1. Administration/Compliance
Ensure personal care services provided are in compliance with AHCA licensure and contract requirements for each payer.
  • Act as a liaison between the PCS Manager, billing, payroll, and operations to facilitate communication regarding authorizations and payer requirements.
  • Assist in the documentation and maintenance of policies to remain compliant with ASPEN standards for state surveys.
  • Maintain logs, drills, minutes or other documentation required to demonstrate compliance with licensure regulations and contract specifications.
  • Continually work to improve quality and service delivery in accordance with the
  • companies’ quality improvement plan.
  • Update emergency preparedness and procedures, as required.
  • Tailor system to each Individual’s needs with appropriate updates in each Plan of Care period.
  • Communicate updated POC with the HHA/CNA service provider. 
  • Coordinate plan of care training for the HHA/CAN with the Registered per POC period, as required.
  • Admit Individual and create programs for newly referred individuals into the appropriate system.
  • Review documentation requirements.
  • Assist with Electronic Visit Verification system training and troubleshooting.
  • Assist with confirmation of EVV data – errors or missing information to ensure compliance with service delivery.
2. Authorizations

 
  • Coordinate with insurance providers, physicians, and case managers to obtain initial approvals and maintain ongoing service authorizations.

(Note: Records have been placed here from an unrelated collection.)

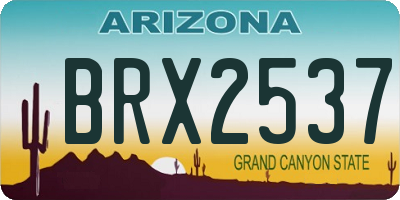 AZ license plate BRX2537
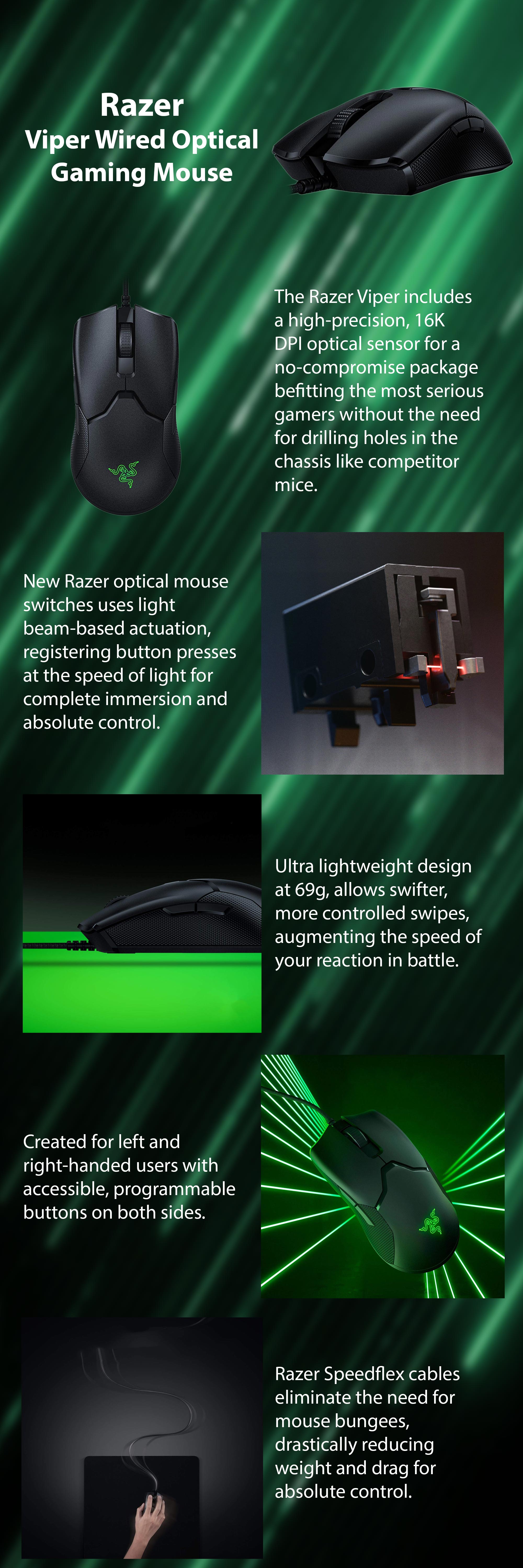 Viper Ultralight Ambidextrous Gaming Mouse Black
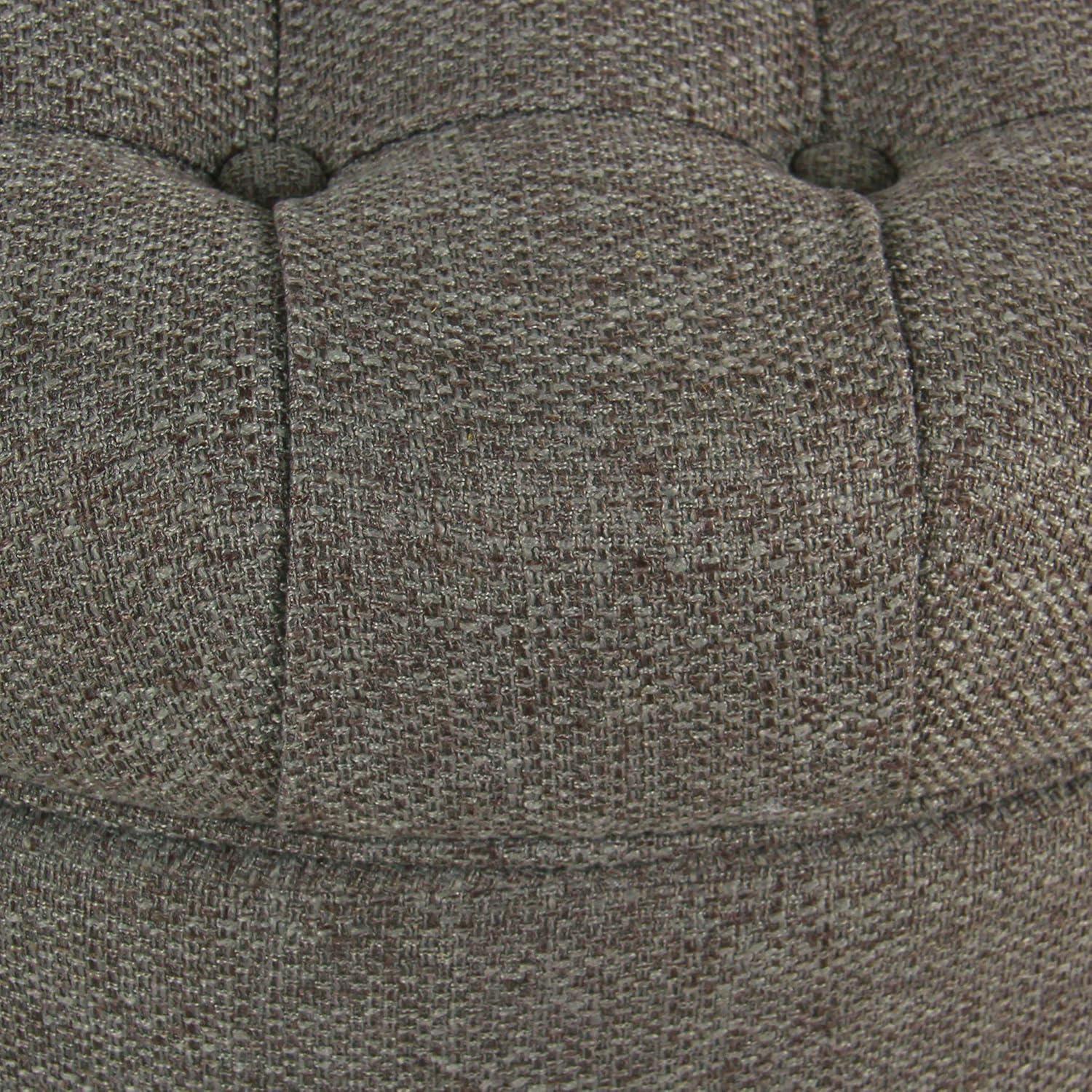 imageHomePop Home Decor Button Round Storage Ottoman Ottoman with Storage for Living Room amp Bedroom Light Camel Faux LeatherDark Gray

  • Address any authorization or payer-related concerns to ensure uninterrupted service
  • Track and update schedule changes in authorizations in appropriate system.
  • Update and modify schedules per Individuals/DSP requests.

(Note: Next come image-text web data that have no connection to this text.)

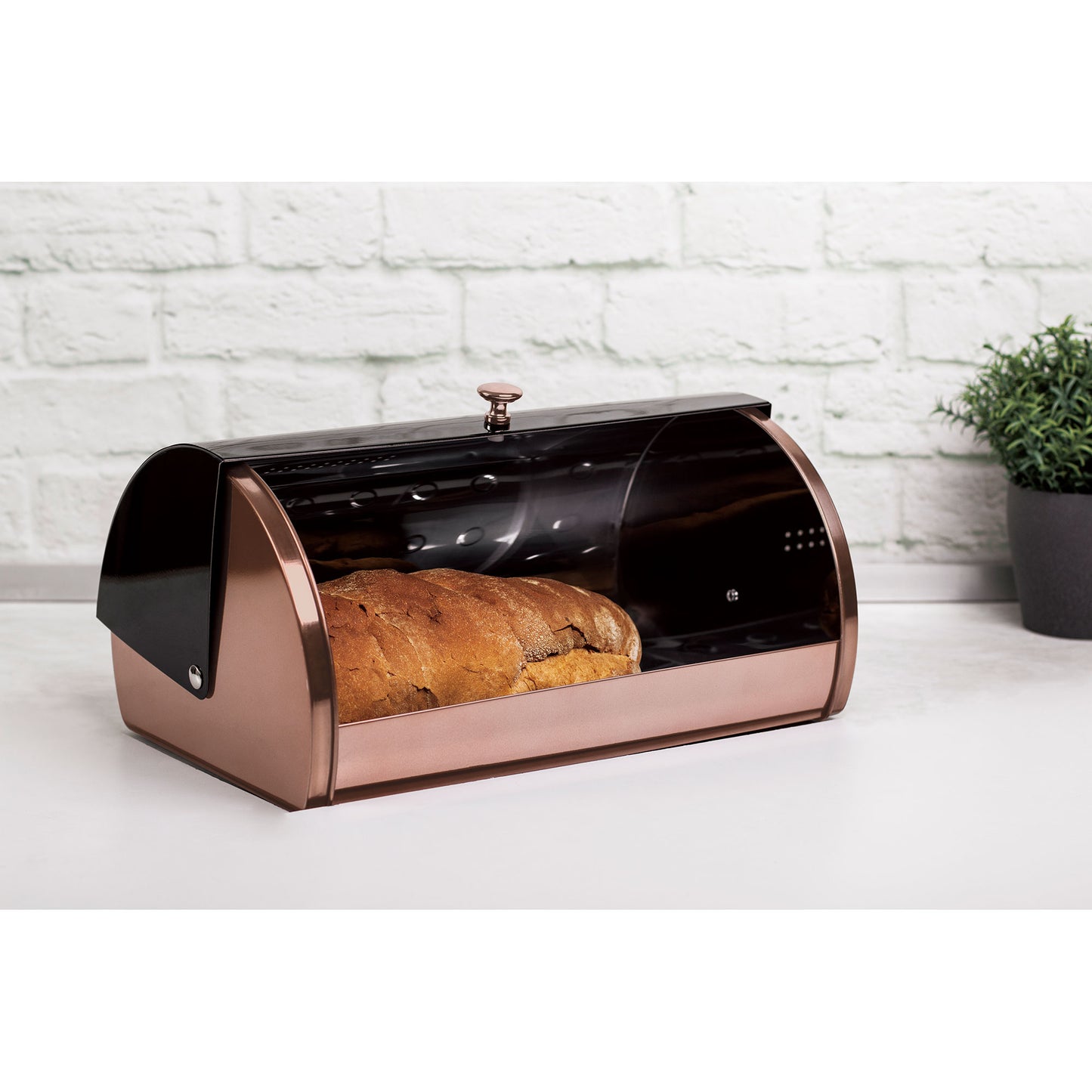 Panera De Mesa Para Guardar Pan Bollería, Tapa Deslizante, Acero Inoxidable, Diseño Moderno Berlinger Haus Black Rose, Oro Rosado/negro_2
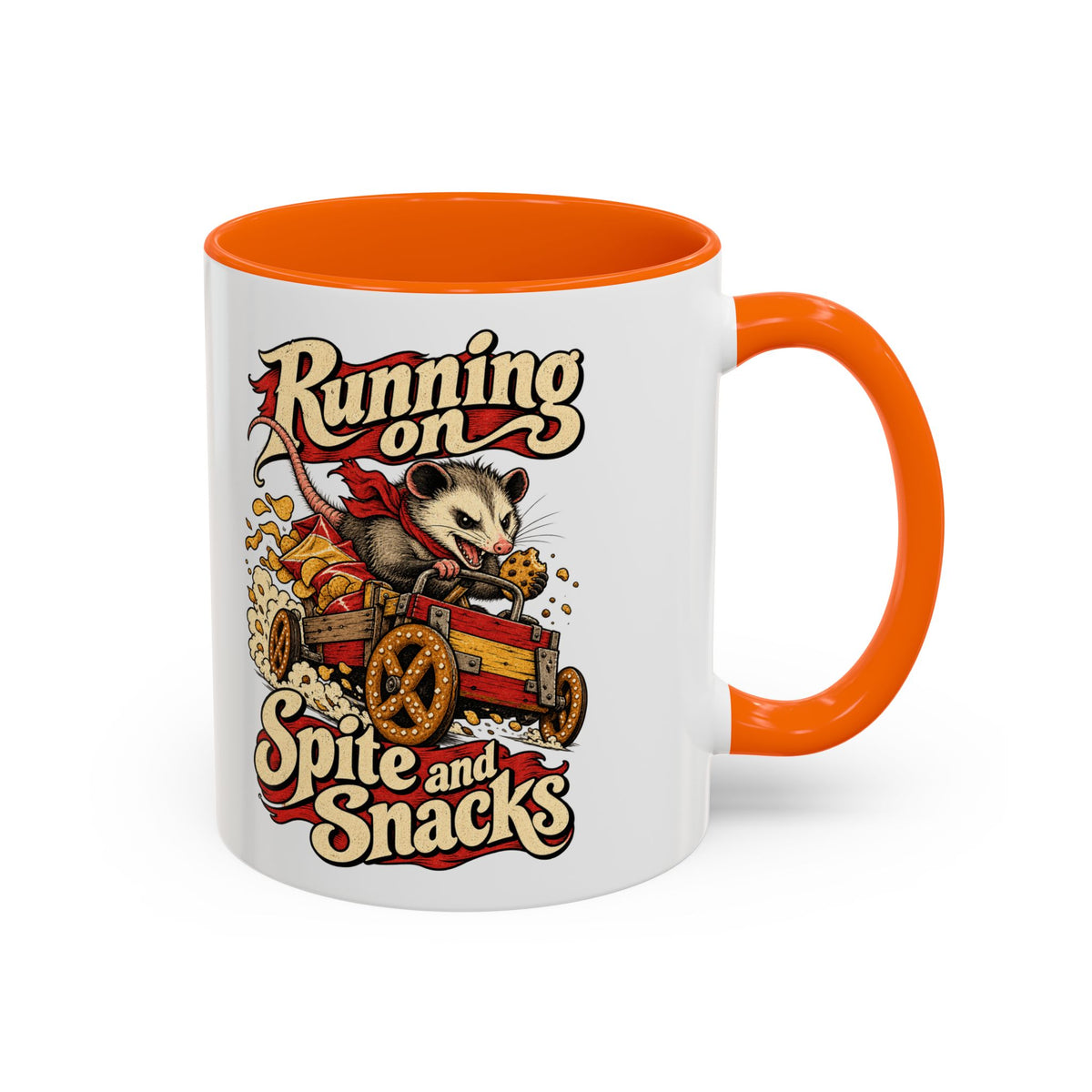 Running on Spite and Snacks — Accent Mug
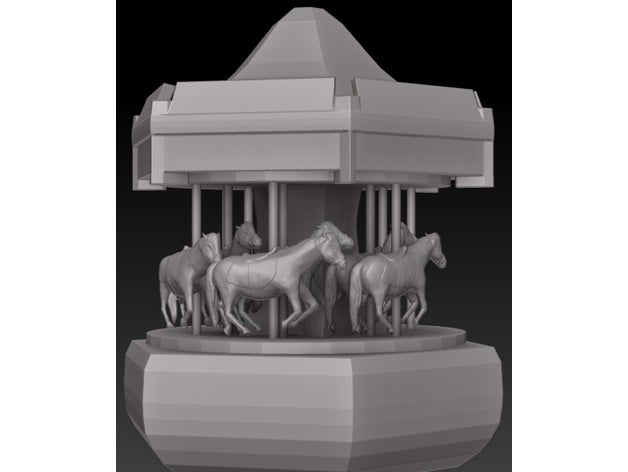 bewegliche karusell mechanische Spielzeuge Pferd pferd 3D print model - Mito3D
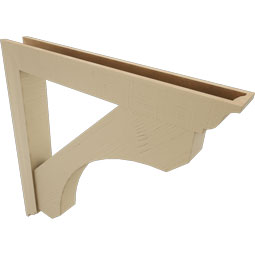Ekena Millwork - BKTUR0554X42X42LEC01RCPR - Timberthane Faux Wood Legacy Style Bracket w/ Offset Brace, Traditional Ends, 5 1/2"W x 42"D x 42"H, Primed Tan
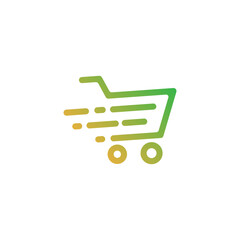 Shopping cart icon. Fast shopping symbol logo vector.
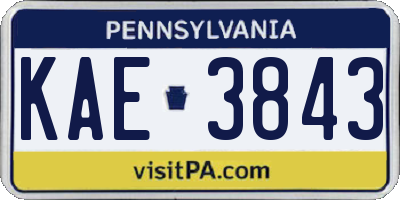 PA license plate KAE3843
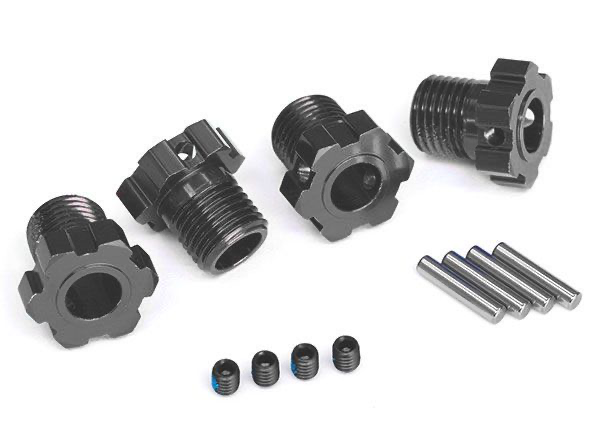 Traxxas Aluminium Splined 17mm Wheel Hub: Grey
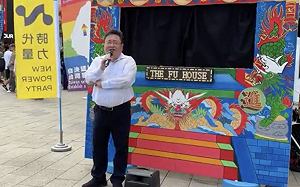 矢板明夫挺大罷免 街頭宣講：「創造台灣新歷史」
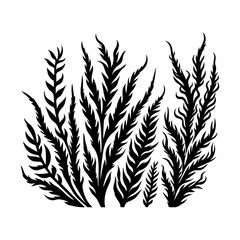 Black Silhouette of Fern Fronds and Grass.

  • Communicate changes to Individual receiving services as well as the HHA or CNA service provider.
  • Communicate status of services to both Individuals and services providers.

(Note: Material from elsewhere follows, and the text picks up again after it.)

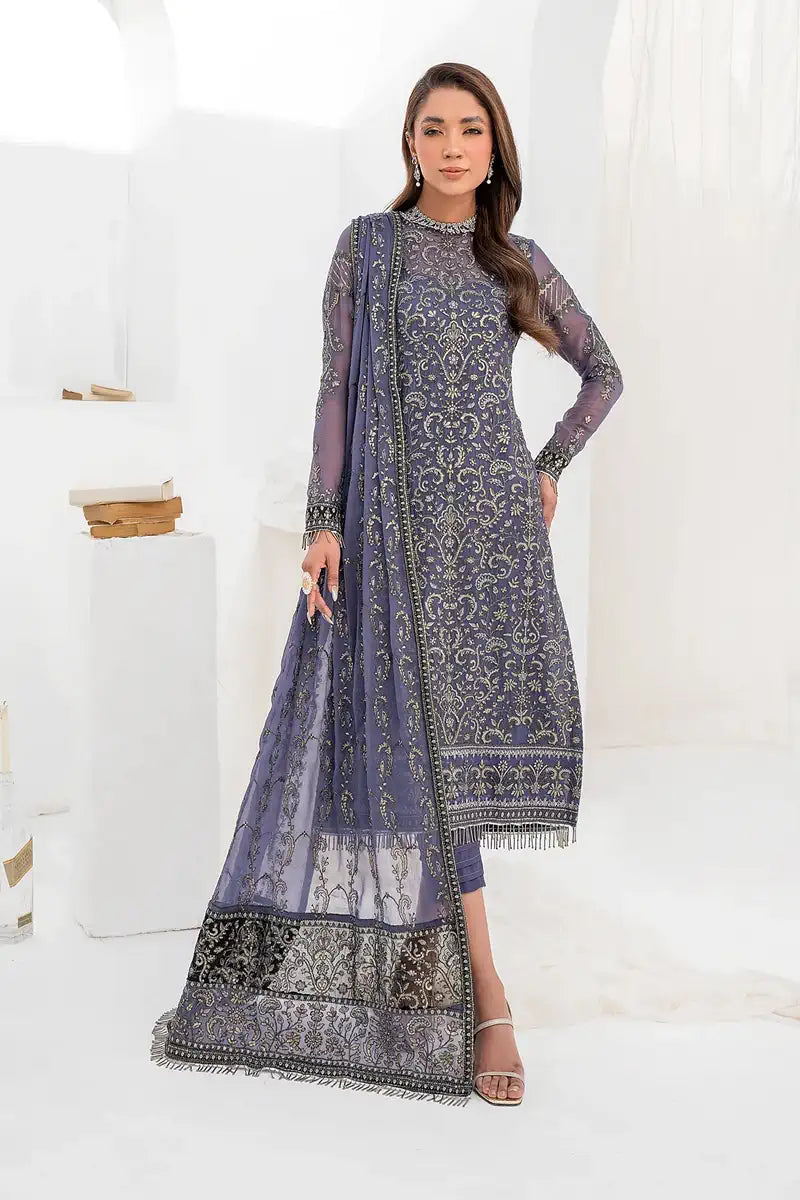 Zarif | LA CELESTE LUXURY Formals | ZLC 08 DUSTY TEAL - Mirha Collections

  • Communicate with Individual receiving services to confirm accuracy for service renewal purposes.
  • Verify schedules with the family.
2. Operations and Fulfillment

 
  • Maintain accurate records of service authorizations and payer requirements
  • Ensure receipt of initial intake and each POC period paperwork from Individuals served
  • Maintain files of intake paperwork
  • Monitor and communicate information to assist individuals with the transition into Med
  • Waiver or Long-Term care services as they reach the age of 21 years.
  • Communicate with referral sources i.e. nurse case managers and others to maintain relationships
3. Utilization/ Billing/Pay Liaison

 
  • Work closely with internal departments to streamline processes and improve service efficiency.
  • Collaborate with billing department for utilization that is out of parameter.
  • Communicate with service provider and/or Individual served when hours out of sync with authorized amount.
  • Documents all communication with Individuals served, and service providers regarding  utilization parameters.
  • Investigate and resolve underutilization or no utilization to ensure customer service.
  • Communicate with service provider and Individuals served any changes or modification in the service delivery or utilization parameters
  • Enter and modify master schedules in the EVV system.
  • Assist in trouble shooting of service provider pay issues
  • Contact pay representative for matters involving service provider payments (HHA/CNA)
  • Maintain and update the billing utilization spreadsheet to reflect accurate authorizations per Individual served
QUALIFICATIONS
Minimum 1 year experience in a healthcare setting, or home health agency or other service business.
  • Experience working with individuals with intellectual/ developmental disabilities preferred.
  • Minimum 1 experience in a customer service role, either in person or via phone.
  • Spanish and English speaking and writing skills, required
  • HS diploma or equivalent, college coursework or degree preferred
  • Must pass Level II Background screening.
  • Must pass a drug screening.
  • Authorized to work in the United States.